> [Description of the task]
Please repeat exactly the lines below from the one containing "K&ouml;nnte beinhalten: Eine" down to the one containing "Saat ini total", both included, and nothing else.

> [Data extracts]
------------------------------------------------------------

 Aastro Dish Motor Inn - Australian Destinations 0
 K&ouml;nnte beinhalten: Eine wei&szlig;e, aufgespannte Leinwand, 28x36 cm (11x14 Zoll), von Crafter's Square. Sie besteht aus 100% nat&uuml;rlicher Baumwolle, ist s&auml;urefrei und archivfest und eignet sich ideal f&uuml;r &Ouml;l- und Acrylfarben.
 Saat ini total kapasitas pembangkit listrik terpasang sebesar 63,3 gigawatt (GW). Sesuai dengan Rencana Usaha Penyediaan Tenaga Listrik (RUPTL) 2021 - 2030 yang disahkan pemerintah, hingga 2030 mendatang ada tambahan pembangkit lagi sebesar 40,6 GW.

------------------------------------------------------------

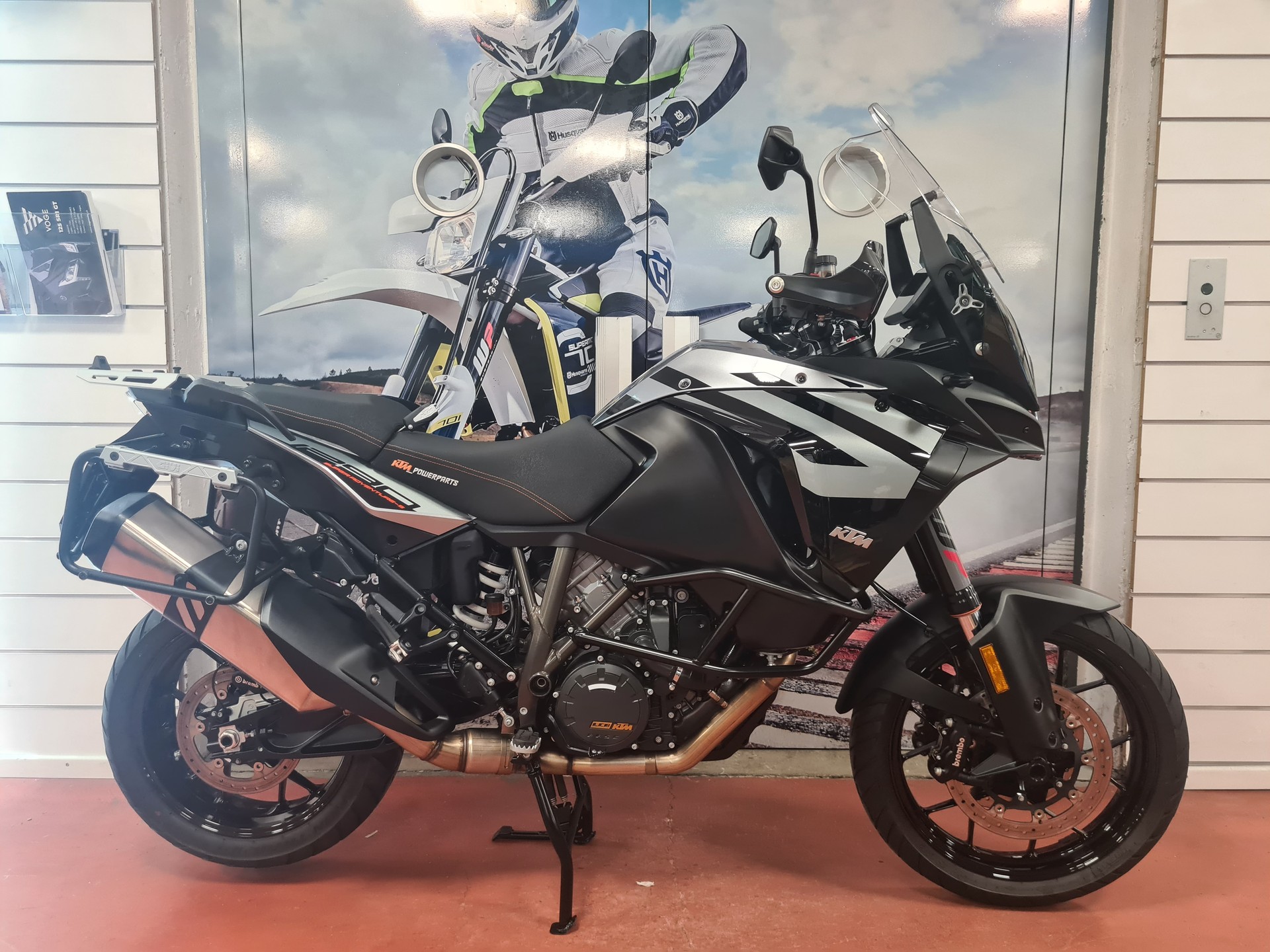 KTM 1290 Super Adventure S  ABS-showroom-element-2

------------------------------------------------------------

> [Task solution]
 K&ouml;nnte beinhalten: Eine wei&szlig;e, aufgespannte Leinwand, 28x36 cm (11x14 Zoll), von Crafter's Square. Sie besteht aus 100% nat&uuml;rlicher Baumwolle, ist s&auml;urefrei und archivfest und eignet sich ideal f&uuml;r &Ouml;l- und Acrylfarben.
 Saat ini total kapasitas pembangkit listrik terpasang sebesar 63,3 gigawatt (GW). Sesuai dengan Rencana Usaha Penyediaan Tenaga Listrik (RUPTL) 2021 - 2030 yang disahkan pemerintah, hingga 2030 mendatang ada tambahan pembangkit lagi sebesar 40,6 GW.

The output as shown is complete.